▸ **DATA SECTION**
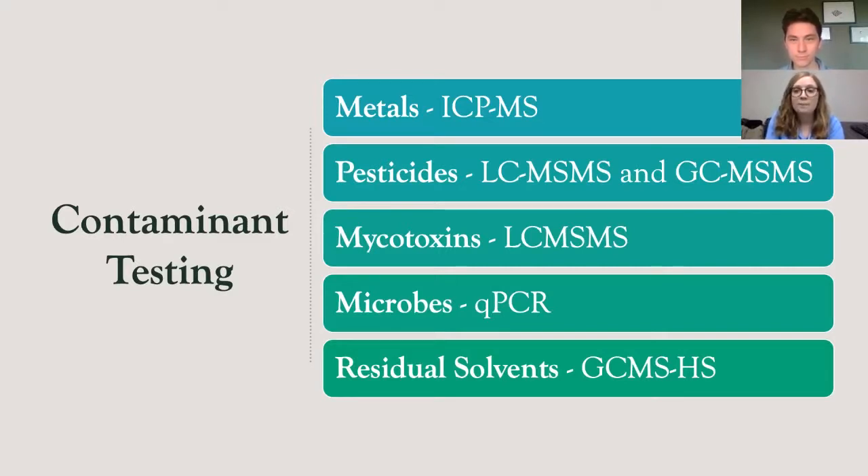In addition to pesticides, mycotoxins can also be seen and quantified using LC-MS-MS technology. Mycotoxins are secondary metabolites of mold and fungus and are naturally produced. The most common tested for in cannabis are aflatoxins and ochratoxin. Then we come to microbials, which are a little trickier as not all microbials are bad; however, the ones that are can be extremely dangerous. After conducting a substantial amount of research, our laboratory has opted to use quantitative polymerase chain reaction, or QPCR, to amplify microbial DNA, which has been isolated through an extraction process.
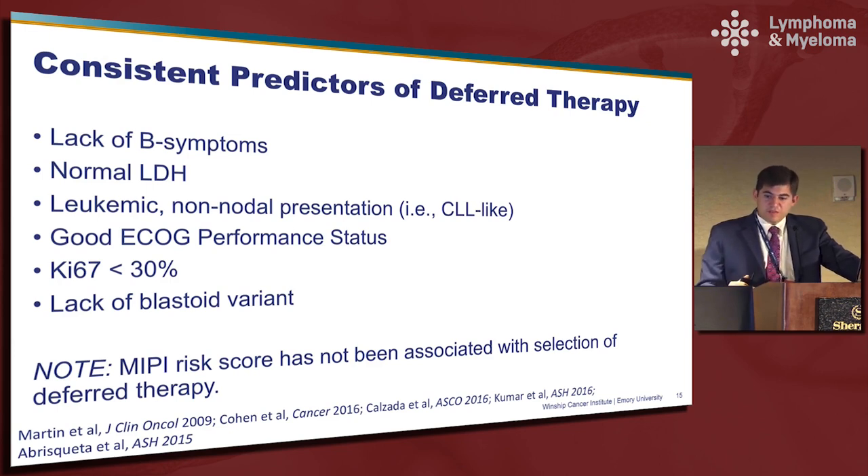Throughout all of these studies there have been a couple of consistent predictors of deferred therapy, which are not surprising: lack of B symptoms, a normal LDH, presenting with the leukemic non-nodal presentation — although there are patients with nodal disease who I think can safely be observed — good performance status, and a low Ki-67. Really, despite all the progress with molecular risk stratification, at the end of the day I make the decision about whether a patient can be observed primarily by how they look when I walk in the door and how they're feeling. If they come in because of an asymptomatic lymphocytosis with a white count of 12,000 and look well with limited nodal disease, I typically feel comfortable observing. If they come in because of symptoms, I'm not going to offer observation.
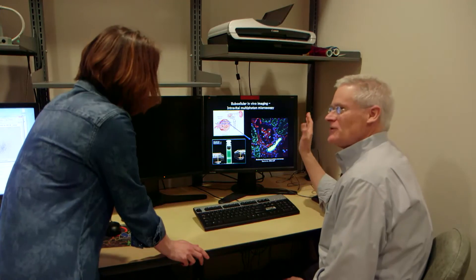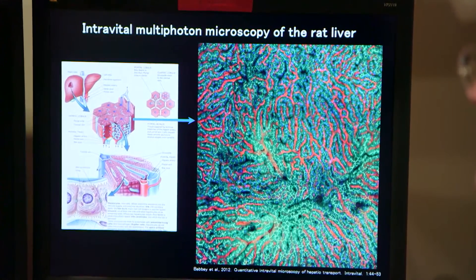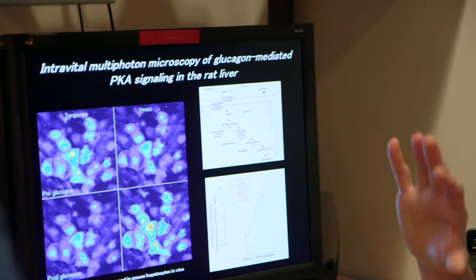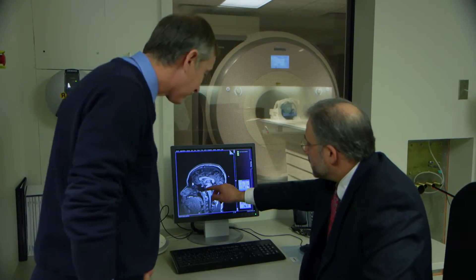We have a variety of microscope systems, including all the typical systems you'd find in a biomedical research institution, but the major exciting thing we have here is something called two-photon microscopy. The advantage of a two-photon microscope is that you can look inside living animals, and that's a really cool thing. Being able to look inside a living animal means you can actually evaluate the functions and behaviors of cells in situ.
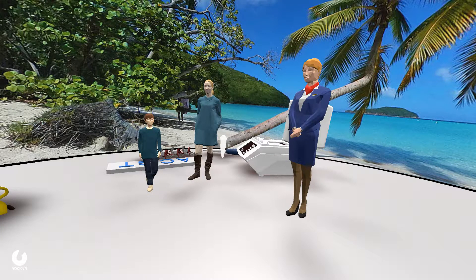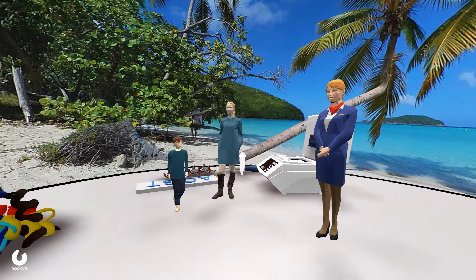Hi, everyone. My name is Ms. Huang, and I'm here to tell you a story about a patient and how genomics saved his life.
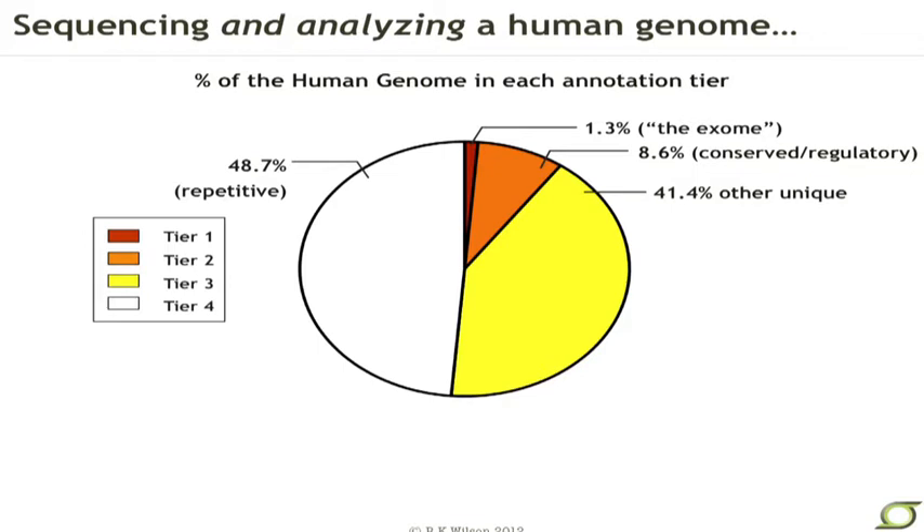We've gone on now to sequence thousands of cancer genomes at our center and the other centers funded by NHGRI as well as around the world. And I think what we've really gotten good at, besides just data production for much less money in a much shorter time period, is actually the analysis of the human genome.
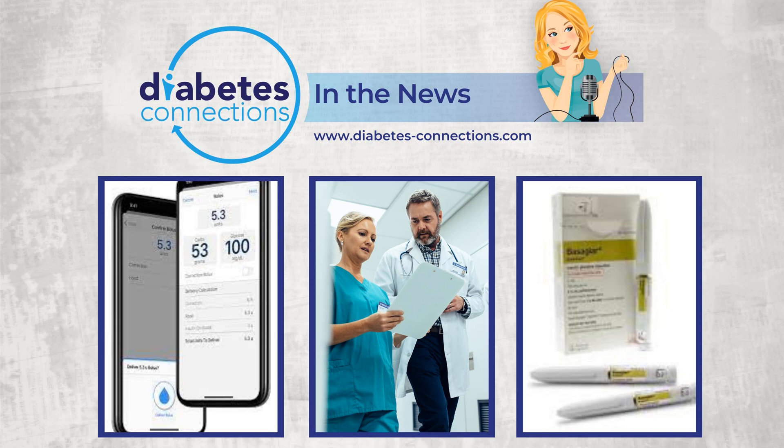New guidelines for treating diabetes in the hospital. This is from the Endocrine Society, which last updated the guidelines 10 years ago. New this time around: hospital use of CGM and insulin pump therapy, providing inpatient diabetes education as part of a comprehensive diabetes discharge planning process, use of non-insulin glucose-lowering therapies, and more. They also note that adult patients with diabetes or newly recognized hyperglycemia — high blood sugar — account for more than 30% of non-critically ill hospitalized patients.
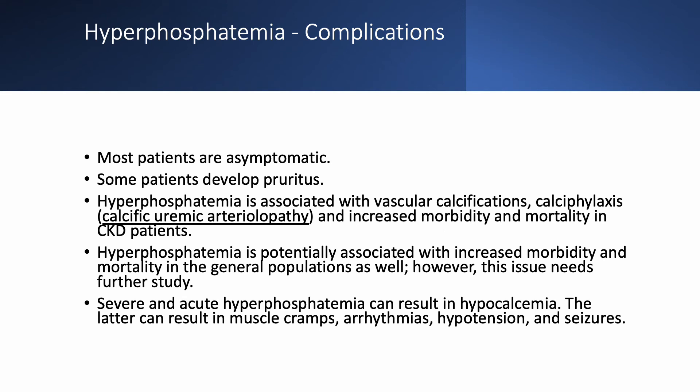Most patients with hyperphosphatemia are asymptomatic. Some patients, especially those on dialysis, have itching and pruritus. Hyperphosphatemia can cause vascular calcifications and calcific uremic arteriolopathy — a very serious condition typically seen in dialysis patients. Hyperphosphatemia is a risk factor, though not the sole cause, and can occur in dialysis patients with normal phosphate.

▸ **WORK TASK**
Give the listing again, exactly as it appears, but without its images.

▸ **EXERCISE SOLUTION**
In addition to pesticides, mycotoxins can also be seen and quantified using LC-MS-MS technology. Mycotoxins are secondary metabolites of mold and fungus and are naturally produced. The most common tested for in cannabis are aflatoxins and ochratoxin. Then we come to microbials, which are a little trickier as not all microbials are bad; however, the ones that are can be extremely dangerous. After conducting a substantial amount of research, our laboratory has opted to use quantitative polymerase chain reaction, or QPCR, to amplify microbial DNA, which has been isolated through an extraction process.
Throughout all of these studies there have been a couple of consistent predictors of deferred therapy, which are not surprising: lack of B symptoms, a normal LDH, presenting with the leukemic non-nodal presentation — although there are patients with nodal disease who I think can safely be observed — good performance status, and a low Ki-67. Really, despite all the progress with molecular risk stratification, at the end of the day I make the decision about whether a patient can be observed primarily by how they look when I walk in the door and how they're feeling. If they come in because of an asymptomatic lymphocytosis with a white count of 12,000 and look well with limited nodal disease, I typically feel comfortable observing. If they come in because of symptoms, I'm not going to offer observation.
We have a variety of microscope systems, including all the typical systems you'd find in a biomedical research institution, but the major exciting thing we have here is something called two-photon microscopy. The advantage of a two-photon microscope is that you can look inside living animals, and that's a really cool thing. Being able to look inside a living animal means you can actually evaluate the functions and behaviors of cells in situ.
Hi, everyone. My name is Ms. Huang, and I'm here to tell you a story about a patient and how genomics saved his life.
We've gone on now to sequence thousands of cancer genomes at our center and the other centers funded by NHGRI as well as around the world. And I think what we've really gotten good at, besides just data production for much less money in a much shorter time period, is actually the analysis of the human genome.
New guidelines for treating diabetes in the hospital. This is from the Endocrine Society, which last updated the guidelines 10 years ago. New this time around: hospital use of CGM and insulin pump therapy, providing inpatient diabetes education as part of a comprehensive diabetes discharge planning process, use of non-insulin glucose-lowering therapies, and more. They also note that adult patients with diabetes or newly recognized hyperglycemia — high blood sugar — account for more than 30% of non-critically ill hospitalized patients.
Most patients with hyperphosphatemia are asymptomatic. Some patients, especially those on dialysis, have itching and pruritus. Hyperphosphatemia can cause vascular calcifications and calcific uremic arteriolopathy — a very serious condition typically seen in dialysis patients. Hyperphosphatemia is a risk factor, though not the sole cause, and can occur in dialysis patients with normal phosphate.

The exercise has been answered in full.